**What needs to be done**
Line by line, give the data again exactly as it appears, but without pictures.

** Records for the exercise follows **

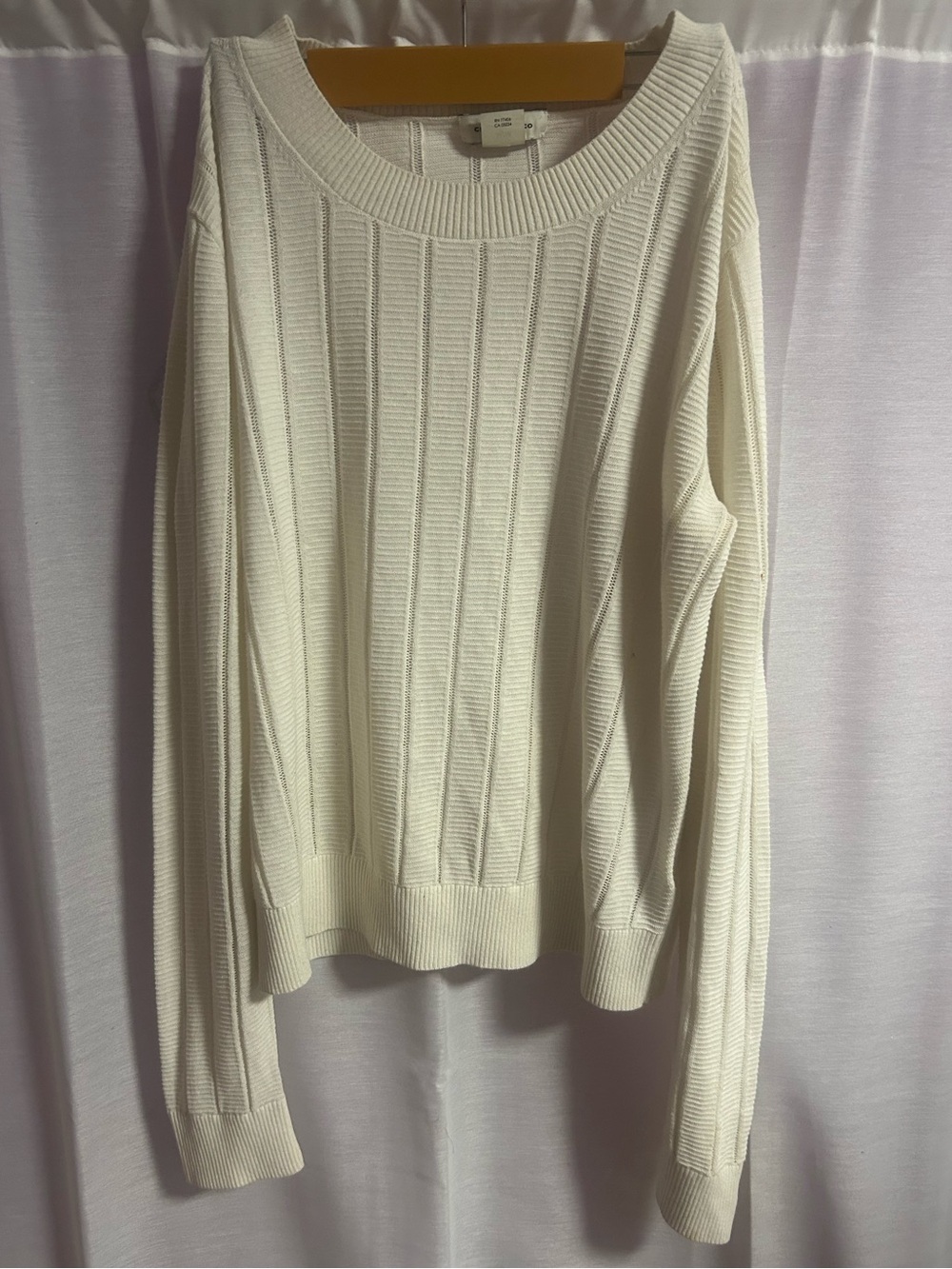 Club Monaco Off-White Ribbed Crewneck Sweater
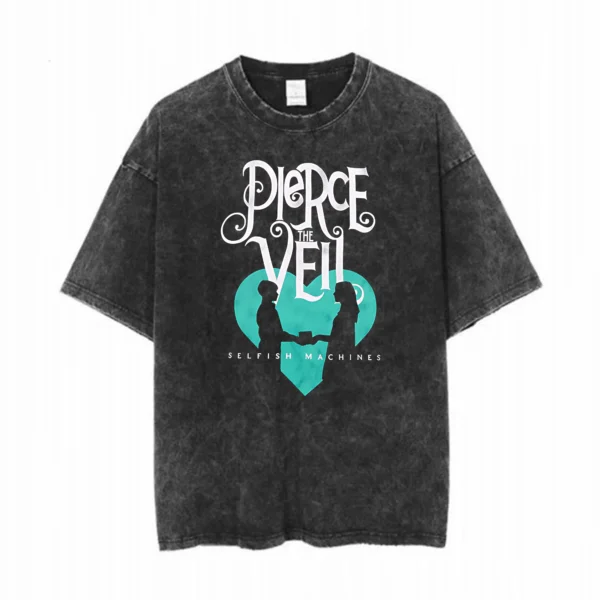 SELFISH MACHINES LOGO HEART STACK T-SHIRT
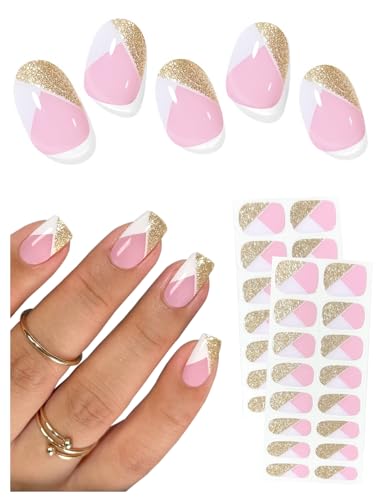 Semi Cured Gel Nail Strips, Christmas Green, 30 Pcs W964891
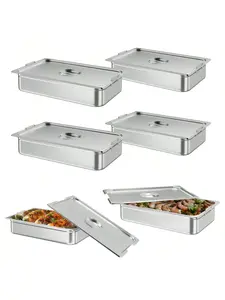silver- 6 Pack Full Size Food Pans, 4 Inch Deep Commercial Catering Hotel Pan, NSF Certified, Stainless Steel Anti-Jamming Steam Table Pan,Handle + Lid Bakeware Sturdy Baking Dish Set Casserole Dish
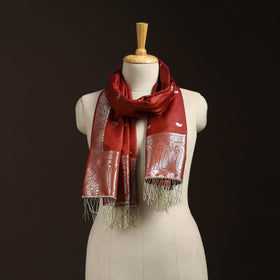 Brocade handloom semi silk banarasi stole 21 - handcrafted
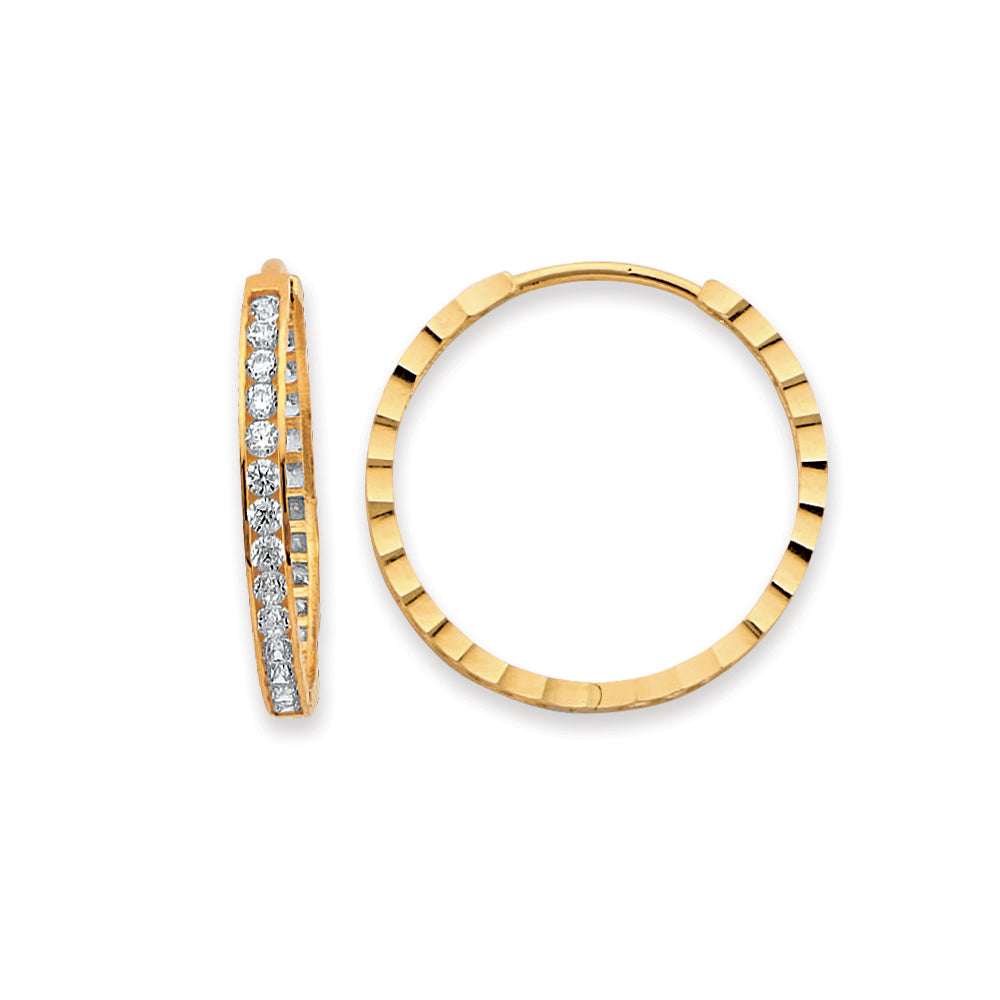 14K Yellow Gold Huggies Earring - ER2133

** End of Records for the exercise **

**Written solution**
 Club Monaco Off-White Ribbed Crewneck Sweater
 SELFISH MACHINES LOGO HEART STACK T-SHIRT
 Semi Cured Gel Nail Strips, Christmas Green, 30 Pcs W964891
silver- 6 Pack Full Size Food Pans, 4 Inch Deep Commercial Catering Hotel Pan, NSF Certified, Stainless Steel Anti-Jamming Steam Table Pan,Handle + Lid Bakeware Sturdy Baking Dish Set Casserole Dish
 Brocade handloom semi silk banarasi stole 21 - handcrafted
 14K Yellow Gold Huggies Earring - ER2133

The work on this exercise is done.